Sometimes it looks like this. In face of some new austerity, injustice, crisis, or disaster, a mass movement gathers eccentric to production, impedes circulation, fights with the police, loots and burns. It is a mass strike yet not a strike. It has its ebbs and flows, its centrifugal and centripetal dynamics, spiraling out from the city center into the suburbs or spiraling inward from suburbs to center. It has no formal systematic means of decision-­making or accountability, though these tend to emerge on a local, ad hoc basis, ripe for political capture by actors bad or good. Neither is there any sense of common objective, in the absence of which a kind of blank maximalism dominates. The options are to fight harder or not at all. Tactical brilliance abounds in the absence of any strategy.

This is a movement limited on the one side by the cops and on the other by the economy. It cannot penetrate into production; work continues, for the most part, except where mobilizations become so massive as to shut down the economy indirectly. Inasmuch as it becomes revolutionary, it is a political revolution only and a superficial one at that, able to oust this or that hated leader, but unable to alter the economy or the repressive state apparatus, both of which tend to harden in the face of insurrectionary assault. Politicization of the revolutionary movement leads to electoral dead ends, suicidal referenda, or at best the passage of a law which capital will later nullify. The dead weight of the police and behind it the army stands over and against it. This leads often to a kind of inwardness, an emphasis on ethical values anticipatory of communism, a desire to build the new world in the shell of the old, which can’t be realized without extension and intensification of the movement, without the appropriation of social wealth. 

Absent some new element, this movement will fail, as others have. It will be crushed or wither away, its partisans scattered. What would it require to succeed? History itself will need to give birth to a self-­reflexive revolutionary organization able to draw in the vast majority of society, spanning workplace and home, town and country, old and young, freely and transparently producing for the free, common use of its members. From commune and council we can derive the logic of such organization but not its sufficient historical conditions, its emergence from and as the disaster of capital. 

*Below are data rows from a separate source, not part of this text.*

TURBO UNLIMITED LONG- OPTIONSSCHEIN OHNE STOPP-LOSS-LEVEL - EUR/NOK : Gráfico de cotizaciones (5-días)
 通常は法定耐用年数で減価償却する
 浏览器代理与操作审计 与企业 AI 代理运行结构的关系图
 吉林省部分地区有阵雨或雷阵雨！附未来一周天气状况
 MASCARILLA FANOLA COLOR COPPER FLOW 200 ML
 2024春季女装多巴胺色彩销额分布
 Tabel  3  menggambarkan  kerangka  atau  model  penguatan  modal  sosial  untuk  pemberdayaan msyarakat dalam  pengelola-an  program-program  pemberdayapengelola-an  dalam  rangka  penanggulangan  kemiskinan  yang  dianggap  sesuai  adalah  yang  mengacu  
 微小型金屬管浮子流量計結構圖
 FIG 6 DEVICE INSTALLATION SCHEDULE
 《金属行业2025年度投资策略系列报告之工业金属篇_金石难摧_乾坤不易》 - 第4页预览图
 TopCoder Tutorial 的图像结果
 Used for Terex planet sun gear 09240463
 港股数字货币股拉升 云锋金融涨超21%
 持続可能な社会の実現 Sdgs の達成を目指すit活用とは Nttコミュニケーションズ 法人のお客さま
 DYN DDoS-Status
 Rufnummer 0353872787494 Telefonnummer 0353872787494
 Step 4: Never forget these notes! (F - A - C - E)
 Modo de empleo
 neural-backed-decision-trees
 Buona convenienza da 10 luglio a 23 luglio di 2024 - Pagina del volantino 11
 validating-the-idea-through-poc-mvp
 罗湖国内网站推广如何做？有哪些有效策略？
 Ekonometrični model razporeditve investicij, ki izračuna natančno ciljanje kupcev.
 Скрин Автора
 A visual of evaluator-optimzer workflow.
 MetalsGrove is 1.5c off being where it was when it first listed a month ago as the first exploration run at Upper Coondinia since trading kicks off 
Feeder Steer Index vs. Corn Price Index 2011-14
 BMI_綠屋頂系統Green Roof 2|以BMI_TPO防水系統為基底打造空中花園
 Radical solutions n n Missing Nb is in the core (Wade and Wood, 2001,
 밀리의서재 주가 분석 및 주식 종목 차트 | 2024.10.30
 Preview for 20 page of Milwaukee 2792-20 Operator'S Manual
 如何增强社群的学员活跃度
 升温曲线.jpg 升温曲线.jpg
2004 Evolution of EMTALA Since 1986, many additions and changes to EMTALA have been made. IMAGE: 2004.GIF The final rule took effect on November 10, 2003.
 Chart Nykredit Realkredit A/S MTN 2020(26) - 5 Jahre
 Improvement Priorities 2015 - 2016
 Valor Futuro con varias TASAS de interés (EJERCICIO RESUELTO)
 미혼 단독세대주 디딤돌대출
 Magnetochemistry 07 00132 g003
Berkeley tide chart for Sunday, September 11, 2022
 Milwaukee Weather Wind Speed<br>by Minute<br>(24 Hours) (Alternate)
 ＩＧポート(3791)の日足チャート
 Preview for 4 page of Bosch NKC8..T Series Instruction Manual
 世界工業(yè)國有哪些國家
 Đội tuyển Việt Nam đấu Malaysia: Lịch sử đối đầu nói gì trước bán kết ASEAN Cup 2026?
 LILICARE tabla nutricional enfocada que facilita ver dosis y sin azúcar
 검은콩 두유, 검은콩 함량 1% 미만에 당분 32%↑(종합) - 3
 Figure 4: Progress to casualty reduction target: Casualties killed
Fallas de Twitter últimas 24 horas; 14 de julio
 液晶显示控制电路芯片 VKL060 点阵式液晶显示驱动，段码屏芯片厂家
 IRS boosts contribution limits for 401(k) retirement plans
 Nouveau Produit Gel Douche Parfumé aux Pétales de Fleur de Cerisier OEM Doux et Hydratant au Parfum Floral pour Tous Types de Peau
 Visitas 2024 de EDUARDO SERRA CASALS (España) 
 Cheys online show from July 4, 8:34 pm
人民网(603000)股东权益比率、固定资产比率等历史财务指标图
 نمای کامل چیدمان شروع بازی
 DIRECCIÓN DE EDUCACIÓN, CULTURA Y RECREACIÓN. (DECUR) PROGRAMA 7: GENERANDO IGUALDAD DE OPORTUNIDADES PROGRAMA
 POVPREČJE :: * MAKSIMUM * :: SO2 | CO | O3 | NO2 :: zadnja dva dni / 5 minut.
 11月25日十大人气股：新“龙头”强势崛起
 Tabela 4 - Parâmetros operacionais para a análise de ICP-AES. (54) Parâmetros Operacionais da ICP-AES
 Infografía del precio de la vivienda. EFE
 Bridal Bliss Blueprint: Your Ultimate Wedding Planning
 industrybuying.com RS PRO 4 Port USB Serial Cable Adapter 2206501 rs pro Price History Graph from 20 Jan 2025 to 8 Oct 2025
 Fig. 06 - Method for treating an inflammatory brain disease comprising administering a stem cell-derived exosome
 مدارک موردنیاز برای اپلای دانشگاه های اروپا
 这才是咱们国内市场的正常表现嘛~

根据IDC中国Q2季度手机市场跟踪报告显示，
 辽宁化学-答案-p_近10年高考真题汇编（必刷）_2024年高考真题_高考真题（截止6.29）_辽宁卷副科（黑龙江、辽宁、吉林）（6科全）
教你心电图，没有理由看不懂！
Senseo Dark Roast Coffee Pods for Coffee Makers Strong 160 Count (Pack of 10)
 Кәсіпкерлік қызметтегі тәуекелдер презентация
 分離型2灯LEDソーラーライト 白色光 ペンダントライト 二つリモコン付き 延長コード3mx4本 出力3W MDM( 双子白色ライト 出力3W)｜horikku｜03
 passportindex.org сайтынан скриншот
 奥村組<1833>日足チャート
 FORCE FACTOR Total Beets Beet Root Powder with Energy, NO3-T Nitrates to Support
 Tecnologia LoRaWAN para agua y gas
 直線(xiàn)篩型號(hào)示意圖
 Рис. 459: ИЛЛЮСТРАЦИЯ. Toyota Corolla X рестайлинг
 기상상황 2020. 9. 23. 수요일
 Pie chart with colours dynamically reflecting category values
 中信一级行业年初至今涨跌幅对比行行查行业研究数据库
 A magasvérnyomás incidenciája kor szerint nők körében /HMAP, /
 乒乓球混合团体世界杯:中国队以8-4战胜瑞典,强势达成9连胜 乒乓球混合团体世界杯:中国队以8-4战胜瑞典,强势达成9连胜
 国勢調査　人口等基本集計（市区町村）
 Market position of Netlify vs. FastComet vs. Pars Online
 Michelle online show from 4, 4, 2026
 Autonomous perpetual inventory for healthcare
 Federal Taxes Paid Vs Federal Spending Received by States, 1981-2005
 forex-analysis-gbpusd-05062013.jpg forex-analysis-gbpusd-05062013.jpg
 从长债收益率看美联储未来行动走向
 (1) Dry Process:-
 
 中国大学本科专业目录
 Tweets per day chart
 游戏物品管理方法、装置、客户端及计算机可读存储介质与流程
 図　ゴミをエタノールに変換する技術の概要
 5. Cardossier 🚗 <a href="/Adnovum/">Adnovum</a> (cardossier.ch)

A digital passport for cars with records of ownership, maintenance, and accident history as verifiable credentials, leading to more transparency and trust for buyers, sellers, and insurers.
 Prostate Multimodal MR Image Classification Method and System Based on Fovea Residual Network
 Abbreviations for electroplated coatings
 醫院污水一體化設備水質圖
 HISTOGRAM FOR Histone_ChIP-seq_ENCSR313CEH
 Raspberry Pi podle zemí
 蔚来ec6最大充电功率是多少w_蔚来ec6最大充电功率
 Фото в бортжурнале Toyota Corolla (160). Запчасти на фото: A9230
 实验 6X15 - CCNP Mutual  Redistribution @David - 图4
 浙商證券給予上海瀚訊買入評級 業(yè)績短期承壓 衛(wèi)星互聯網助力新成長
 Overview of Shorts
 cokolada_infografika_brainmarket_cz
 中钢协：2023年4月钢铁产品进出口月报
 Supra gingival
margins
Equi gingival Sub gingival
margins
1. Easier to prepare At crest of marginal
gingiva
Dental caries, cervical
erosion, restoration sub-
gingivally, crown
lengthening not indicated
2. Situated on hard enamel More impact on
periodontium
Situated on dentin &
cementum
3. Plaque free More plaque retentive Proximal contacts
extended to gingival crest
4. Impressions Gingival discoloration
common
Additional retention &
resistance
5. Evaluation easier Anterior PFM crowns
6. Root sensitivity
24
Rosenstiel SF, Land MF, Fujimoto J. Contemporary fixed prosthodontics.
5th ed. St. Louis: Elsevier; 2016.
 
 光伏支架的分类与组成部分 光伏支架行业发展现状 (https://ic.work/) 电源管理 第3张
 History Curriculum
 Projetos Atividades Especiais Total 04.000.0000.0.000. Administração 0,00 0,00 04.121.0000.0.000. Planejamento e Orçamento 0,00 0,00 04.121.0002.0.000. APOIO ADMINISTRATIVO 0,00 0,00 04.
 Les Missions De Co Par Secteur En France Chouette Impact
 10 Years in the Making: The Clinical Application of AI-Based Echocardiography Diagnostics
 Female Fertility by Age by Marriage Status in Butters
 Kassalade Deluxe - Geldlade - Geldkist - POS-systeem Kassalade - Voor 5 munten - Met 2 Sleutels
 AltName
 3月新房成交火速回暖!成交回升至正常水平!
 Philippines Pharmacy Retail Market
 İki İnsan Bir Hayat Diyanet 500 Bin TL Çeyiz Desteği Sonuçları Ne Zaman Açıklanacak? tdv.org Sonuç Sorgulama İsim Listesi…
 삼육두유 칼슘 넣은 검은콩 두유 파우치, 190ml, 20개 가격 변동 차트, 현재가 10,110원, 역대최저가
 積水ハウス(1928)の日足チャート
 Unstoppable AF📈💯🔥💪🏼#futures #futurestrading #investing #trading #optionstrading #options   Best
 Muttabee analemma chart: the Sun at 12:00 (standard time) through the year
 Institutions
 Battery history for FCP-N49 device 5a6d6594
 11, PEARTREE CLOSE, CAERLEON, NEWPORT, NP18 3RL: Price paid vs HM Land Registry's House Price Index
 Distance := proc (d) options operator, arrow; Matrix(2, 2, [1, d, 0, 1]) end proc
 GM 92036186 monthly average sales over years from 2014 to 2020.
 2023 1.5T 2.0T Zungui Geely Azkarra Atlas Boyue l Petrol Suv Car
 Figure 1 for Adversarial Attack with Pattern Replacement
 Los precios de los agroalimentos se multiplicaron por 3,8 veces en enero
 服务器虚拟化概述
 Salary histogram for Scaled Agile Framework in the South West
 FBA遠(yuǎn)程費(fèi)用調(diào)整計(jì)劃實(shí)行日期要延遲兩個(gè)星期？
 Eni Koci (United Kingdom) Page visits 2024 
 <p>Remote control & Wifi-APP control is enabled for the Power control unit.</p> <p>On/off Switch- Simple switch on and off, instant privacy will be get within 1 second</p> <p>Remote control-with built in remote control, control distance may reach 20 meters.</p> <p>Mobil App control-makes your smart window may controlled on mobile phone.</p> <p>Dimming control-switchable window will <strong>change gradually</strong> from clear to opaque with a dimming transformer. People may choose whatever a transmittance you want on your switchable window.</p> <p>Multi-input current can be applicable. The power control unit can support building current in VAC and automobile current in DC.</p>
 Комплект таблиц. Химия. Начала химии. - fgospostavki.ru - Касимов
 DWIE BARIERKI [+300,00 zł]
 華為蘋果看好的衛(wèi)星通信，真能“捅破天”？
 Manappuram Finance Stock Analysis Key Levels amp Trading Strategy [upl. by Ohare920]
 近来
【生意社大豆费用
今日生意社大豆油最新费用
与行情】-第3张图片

Organize now or wait for an opportune moment? Yes. In the long run, what will have succeeded is as likely to be the patient work of generations as the quick work of ecstatic weeks. Movements of years and movements of months converge during revolutionary days. But in such moments, no question yes or no is asked, and thus the fact of asking is its own answer. The militant minority, the movement of communists, is a transistor, a black box of some function, but it cannot transmit a signal that does not exist. At the same time, its own noise introduces real infidelities, and so transmission is always to some degree clarification. To seek out and amplify what is critical within proletarian practice, that which is cognizant of its own limits and the need to overcome them, this is the unavoidable intermediary task.

What will have worked? It will have to have been an example selected from proletarian struggle and refined, clarified by struggle itself — the theory of the communist example gleaned from the theory and practice of Jan Appel is the theory of replicable action, whose proliferation, extension, and intensification would produce communism. The proliferation of the communist measure spreads by way of the communist measure itself and thus does not need to be formulated before the fact. And yet these measures will spread, or not, at rates that have to do with their mediation by existing networks and relations among proletarians. Here is where Appel’s catalytic theory of the party remains relevant. Formal or not, the party is that which catalyzes the communist measure — in Appel’s case, the council — it is the critical medium of its transmission in and through practice. It emerges as a consequence of the clarifying action of the communist measure itself, which finds its pledges even where no formal organization exists, sharpening contradictions everywhere. 

To reflect proletarian struggles, its own or others, to amplify them critically, is therefore the first task of theory. Action that matters is conjunct action, which in its meanings shows itself to be aware of action with others, near or far, past, present, and future, and therefore leads to the compounding of action. What matters organizationally are sites that broadcast and amplify the reproduction of struggle. The task is to establish correspondences, networks in which communist resonances can proliferate.

Therefore the first task for the movement of communists is to observe present struggles, their own and those proximate first and foremost, to reflect them critically — which is to say, from the standpoint of communism and its logical contours. Lenin’s newspaper-as-party is an organizational cliché, but it rests upon a truism that every communist organization is a medium of communication for action — this is true of the anti-­Leninist correspondence committees of the council communist revival as well. The difference is that, in the latter case, these networks are not places simply for the consolidation of a hegemonic leadership but for the critical proliferation of struggle, the clarification of which will reveal communist consensus as it exists. The goal is not to lead a movement or simply to expand it but to facilitate the spread of revolutionary examples chosen by struggle itself.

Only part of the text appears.